◆ WHAT YOU ARE ASKED TO DO: Set down the lines below, exactly, starting at the one that contains "Polo Shirt Korte" and stopping at the last line, inclusive. Omit pictures.

◆ COLLECTED MATERIAL:
———
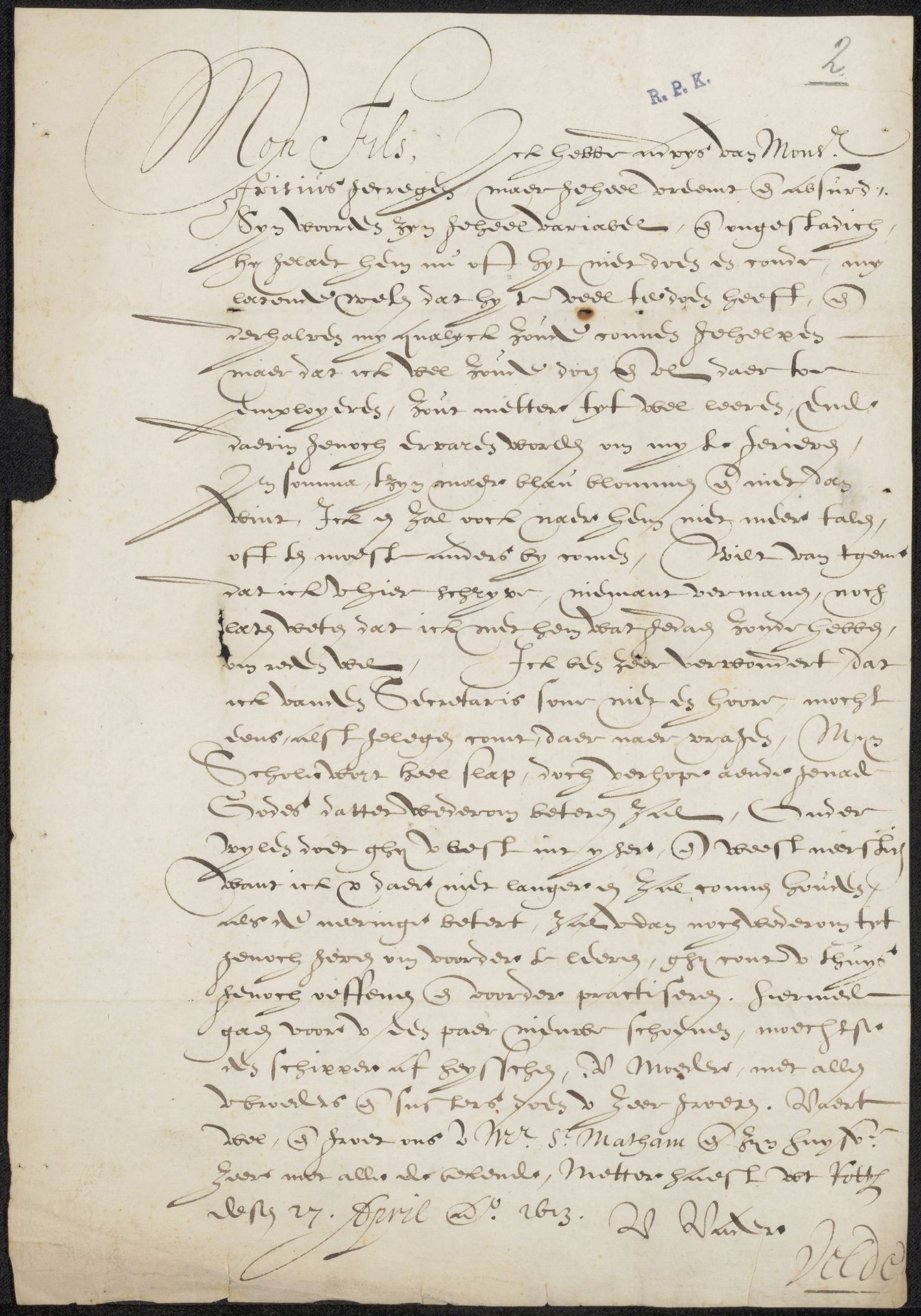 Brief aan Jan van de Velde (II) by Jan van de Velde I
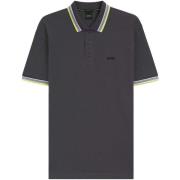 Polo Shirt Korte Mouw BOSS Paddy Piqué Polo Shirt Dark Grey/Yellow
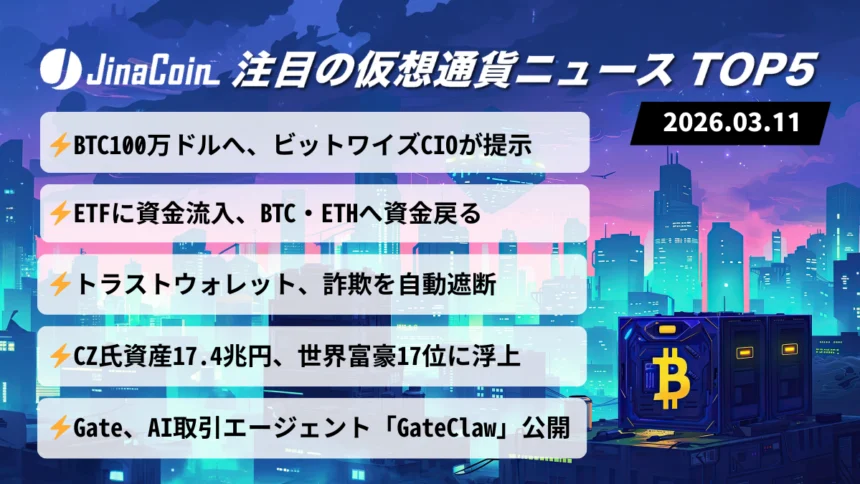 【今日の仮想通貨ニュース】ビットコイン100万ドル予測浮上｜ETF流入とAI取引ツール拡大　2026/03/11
———
◆ WRITTEN SOLUTION:
 Polo Shirt Korte Mouw BOSS Paddy Piqué Polo Shirt Dark Grey/Yellow
 【今日の仮想通貨ニュース】ビットコイン100万ドル予測浮上｜ETF流入とAI取引ツール拡大　2026/03/11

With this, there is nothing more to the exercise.